The broad shallow bowl of the arid plain spread out below them. From this vantage point, a little way east of the entrance to the archaeological site, they should easily have been able to see a huge field of sand-swept ruins. There had been a mighty city here once, that notorious Shapeshifter city where, in ancient times, so much dark history had been enacted, such monstrous sacrilege and blasphemy. But – surely it was just an illusion? – the sprawling zone of fallen buildings at the center of the plain was almost completely hidden now by a wondrous rippling body of water, pale pink along its rim and pearly gray at its middle: a great lake where no lake ever had been.
Evidently the other members of the royal party saw it too. But did they understand that it was simply a trick? Some fleeting combination of sunlight and dusty haze and the stifling midday heat must have created a momentary mirage above dead Velalisier, so that it see
med as if a sizable lagoon, of all improbable things, had sprung up in the midst of this harsh desert to engulf the dead city.

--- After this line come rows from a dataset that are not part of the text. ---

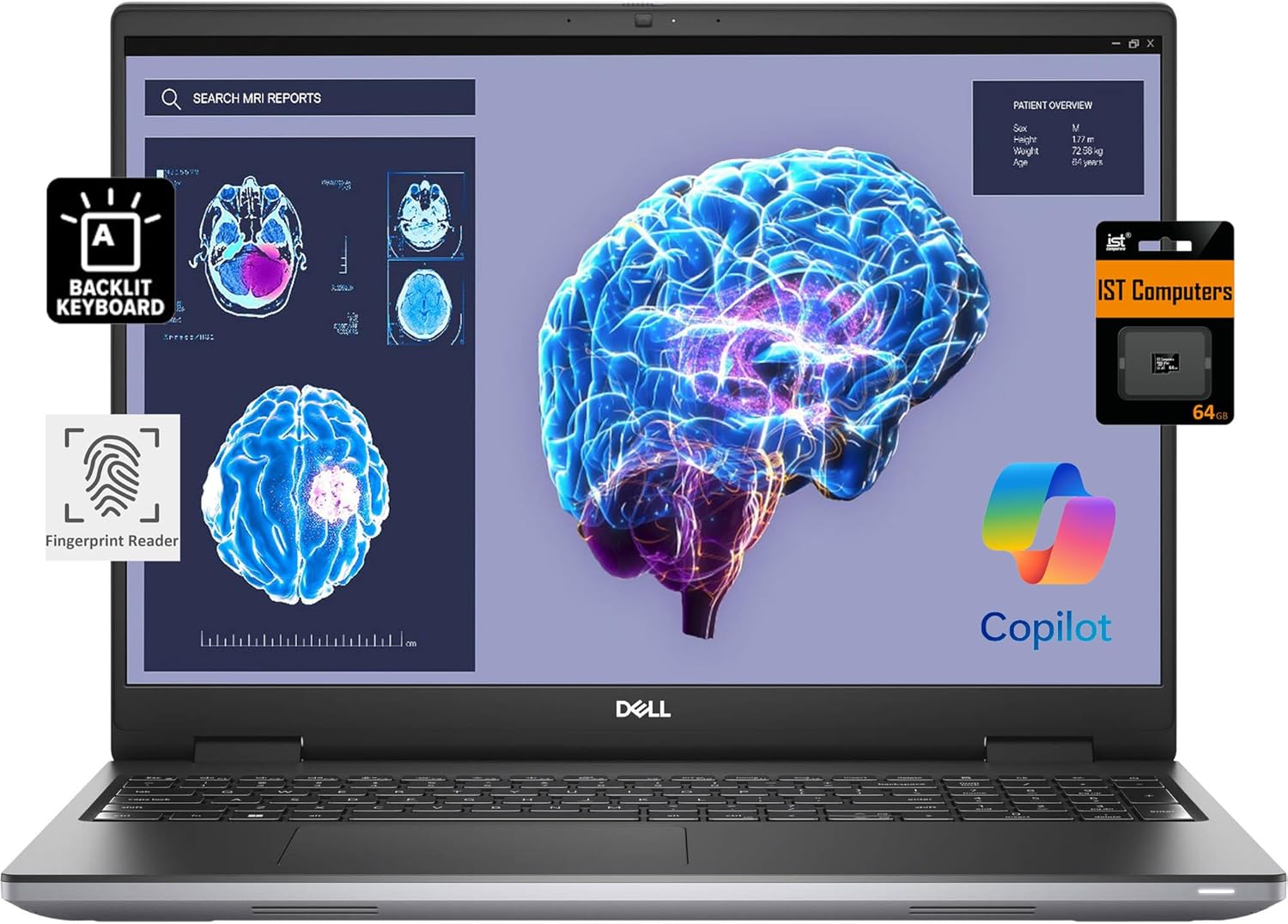 Dell Precision 7670 RTX A2000 Mobile Workstation
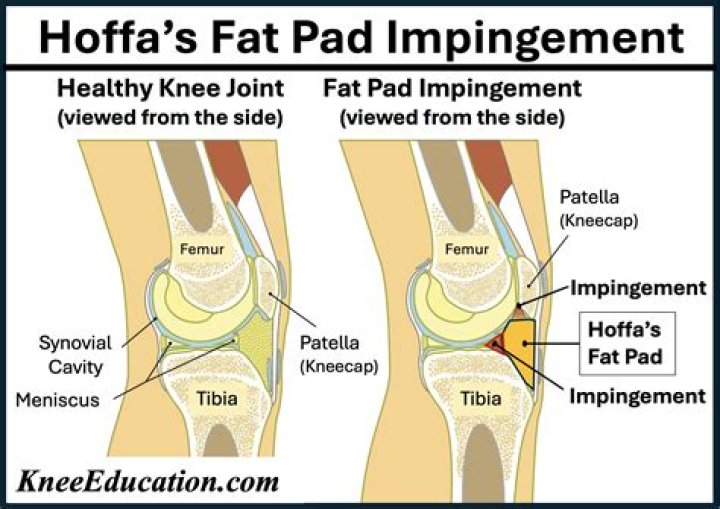 Did hoffa's son drive him to the house?
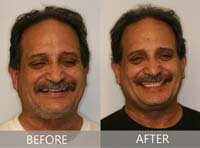 Smile Gallery Laguna Hills - Smile gallery image 21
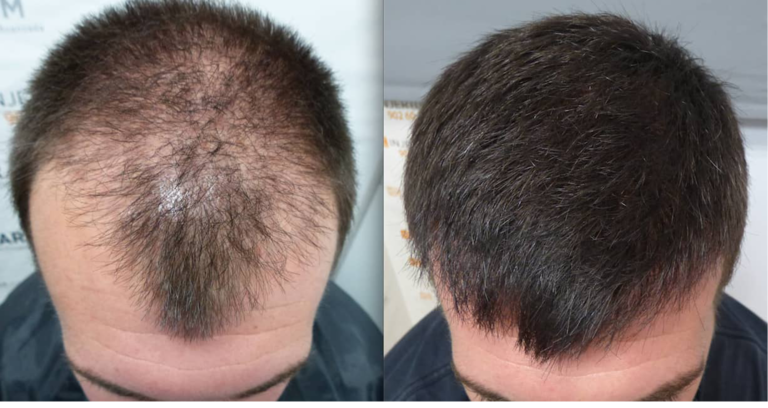 Terokai Cara Liputan Pemindahan Rambut Boleh Dicapai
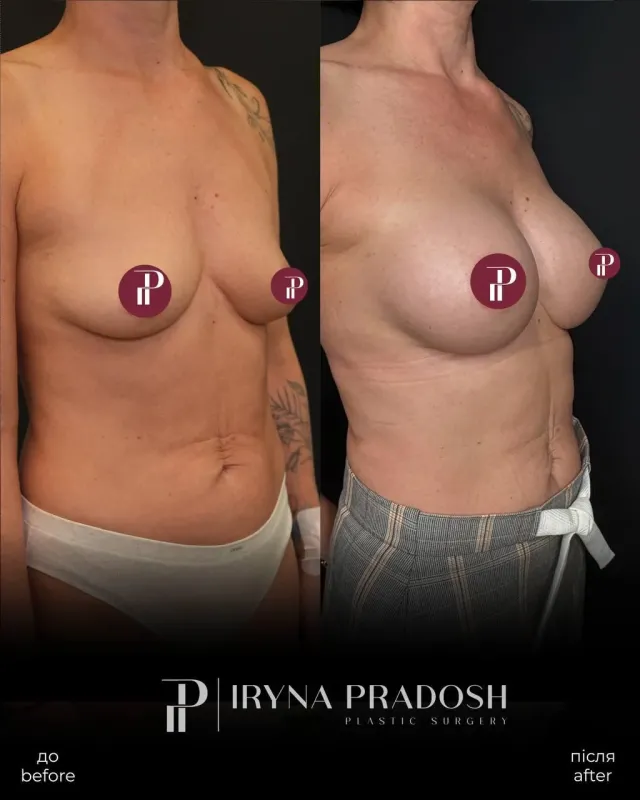 Breast Enlargement: Refined Bust and Décolleté Contouring — до і після операції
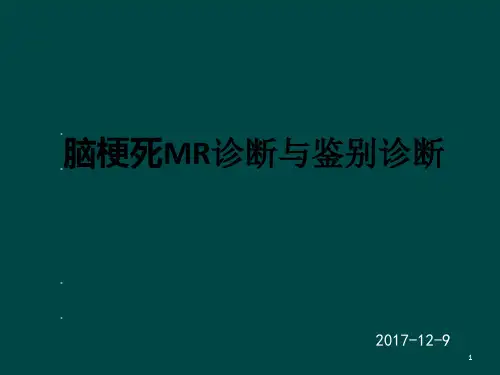 脑梗死MR诊断及鉴别诊断PPT课件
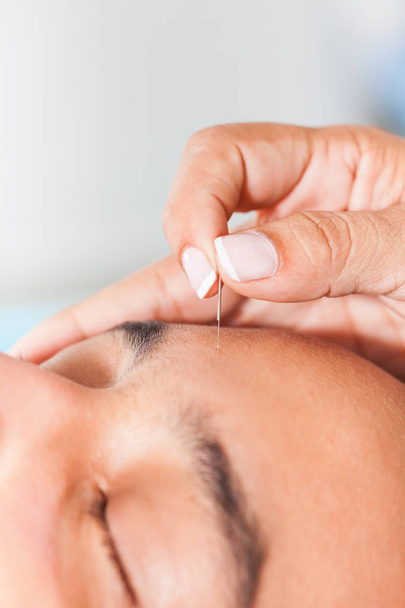 Lékaře provádějícího obličeje akupunktura na mladého muže - Fotografie, Obrázek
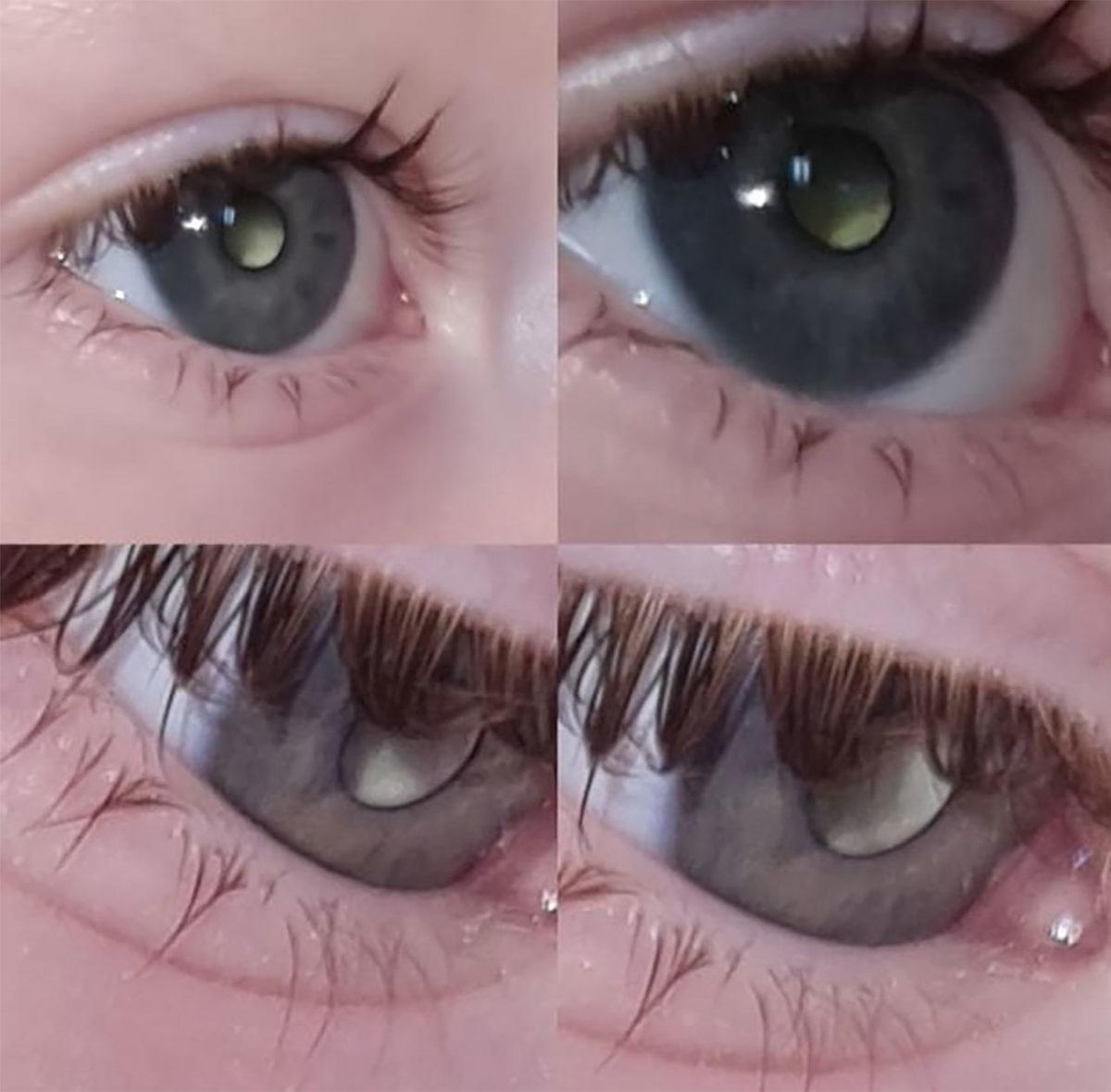 Göz Bebeği Bir Anda Beyaza Dönen 2 Yaşındaki Çocukta Son Derece Nadir Bir Hastalık Keşfedildi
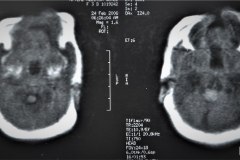 infarto-cerebral-neonatal-masivo-10m-2006-007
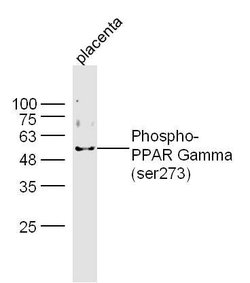 Phospho-PPAR Gamma (Ser273) Rabbit anti-Human, Polyclonal, Bioss 100 &mu;L;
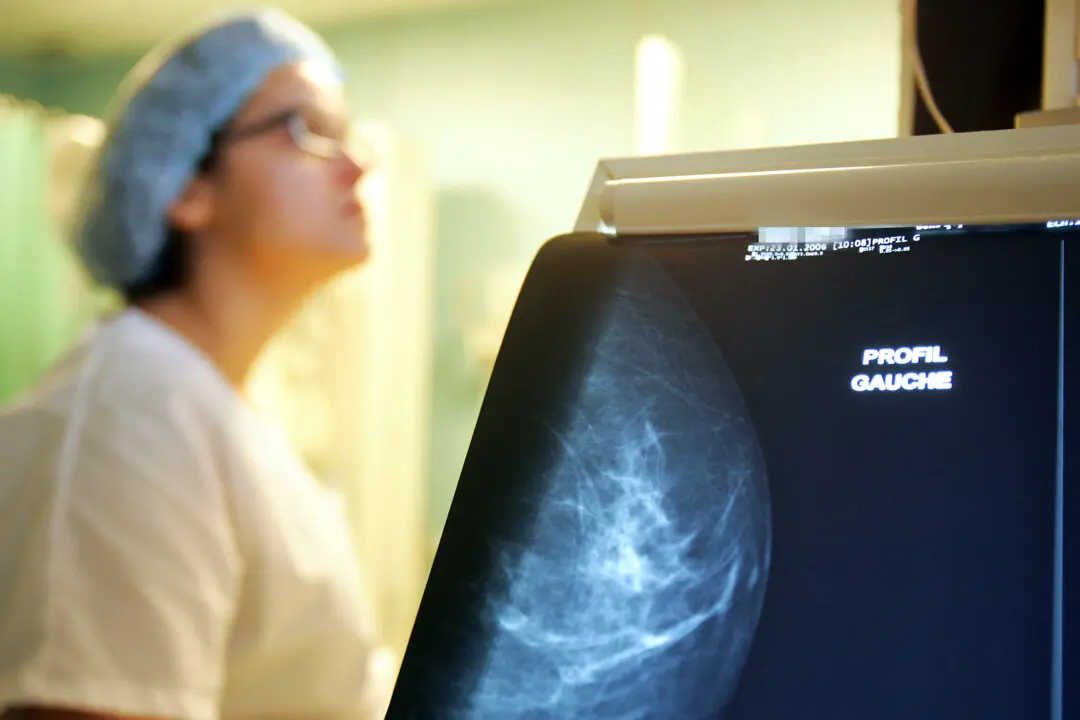 Doctor Group Updates Guidance on Breast Cancer Screening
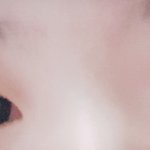 [댓글부탁해] 쌍수 하는게 더 나을까?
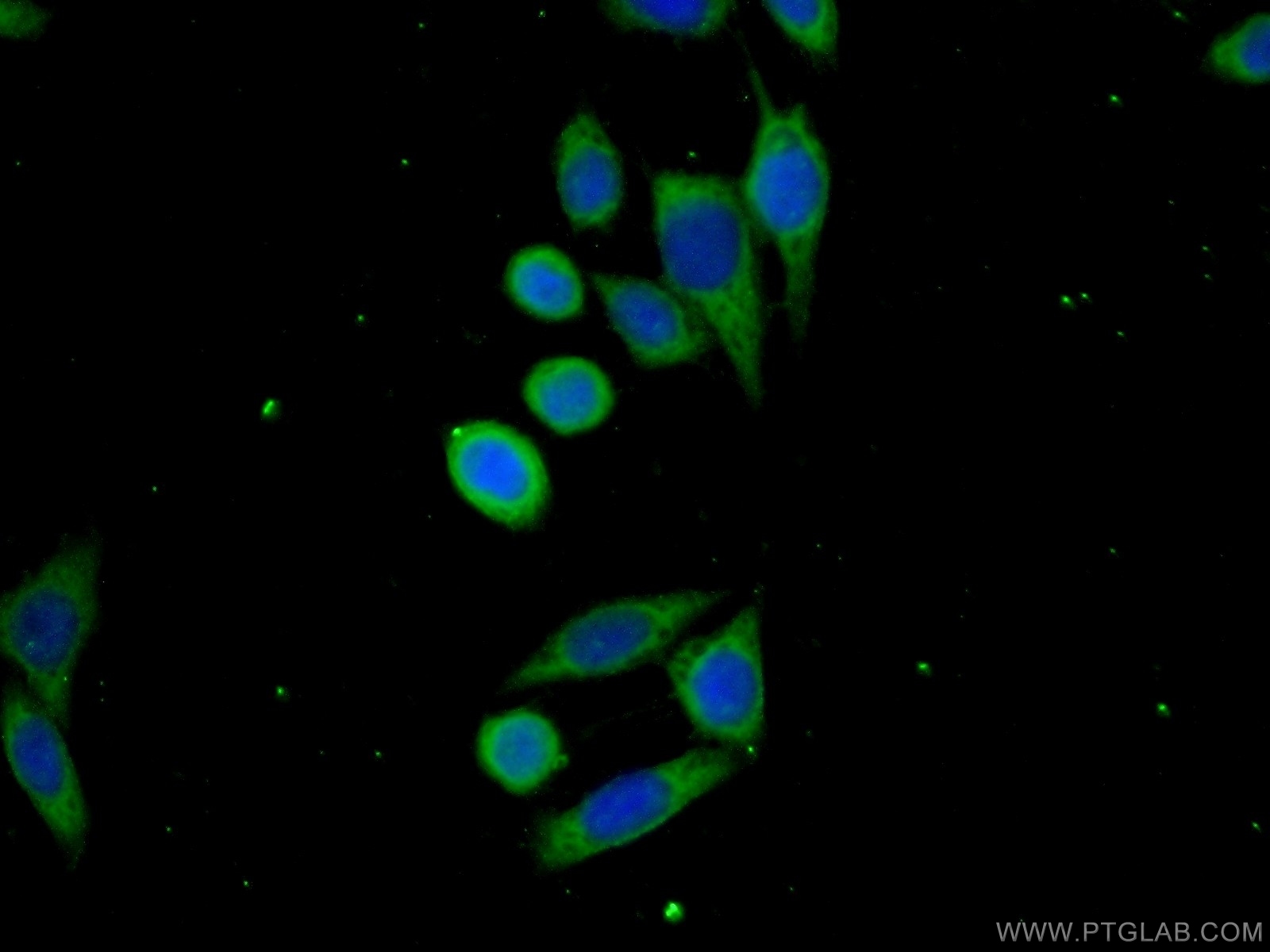 Immunofluorescent analysis of ( -20℃ Ethanol ) fixed PC-3 cells using 25050-1-AP( C19orf57 Antibody) at dilution of 1:50 and Alexa Fluor 488-congugated AffiniPure Goat Anti-Rabbit IgG(H+L)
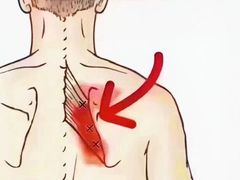 -名医堂永康中医·推拿正骨·针灸·艾灸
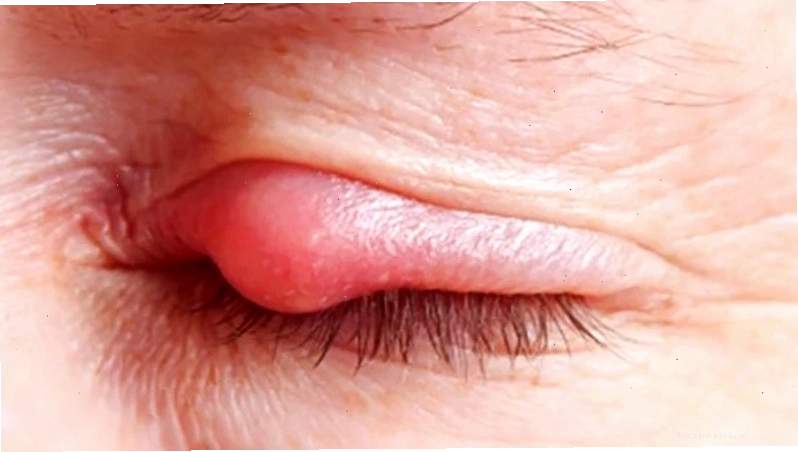 Phương pháp cột chỉ dân gian để trị mụt lẹo mắt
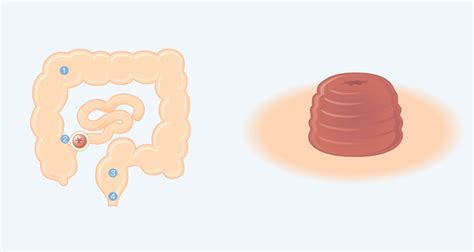 Loop Ileostomy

It began just a short distance beyond their vantage point and extended as far as the distant gray-blue wall of great stone monoliths that marked the city’s western boundary. Nothing of Velalisier could be seen. None of the shattered and time-worn temples and palaces and basilicas, nor the red basalt blocks of the arena, the great expanses of blue stone that had been the sacrificial platforms, the tents of the archaeologists who had been at work here at Valentine’s behest since late last year. Only the six steep and narrow pyramids that were the tallest surviving structures of the prehistoric Metamorph capital were visible – their tips, at least, jutting out of the gray heart of the ostensible lake like a line of daggers fixed point-upward in its depths.
“Magic,” murmured Tunigorn, the oldest of Valentine’s boyhood friends, who held the post now of Minister of External Affairs at the Pontifical court. He drew a holy symbol in the air. Tunigorn had grown very superstitious, here in his later years.
“I think not,” said Valentine, smiling. “Just an oddity of the light, I’d say.”
And, just as though the Pontifex had conjured it up with some counter-magic of his own, a lusty gust of wind came up from the north and swiftly peeled the haze away. The lake went with it, vanishing like the phantom it had been. Valentine and his companions found themselves now beneath a bare and merciless iron-blue sky, gazing down at the true Velalisier – that immense dreary field of stony rabble, that barren and incoherent tumble of dun-colored fragments and drab threadbare shards lying in gritty beds of wind-strewn sand, which was all that remained of the abandoned Metamorph metropolis of long ago.
“Well, now,” said Tunigorn, “perhaps you were right, majesty. Magic or no, though, I liked it better the other way. It was a pretty lake, and these are ugly stones.”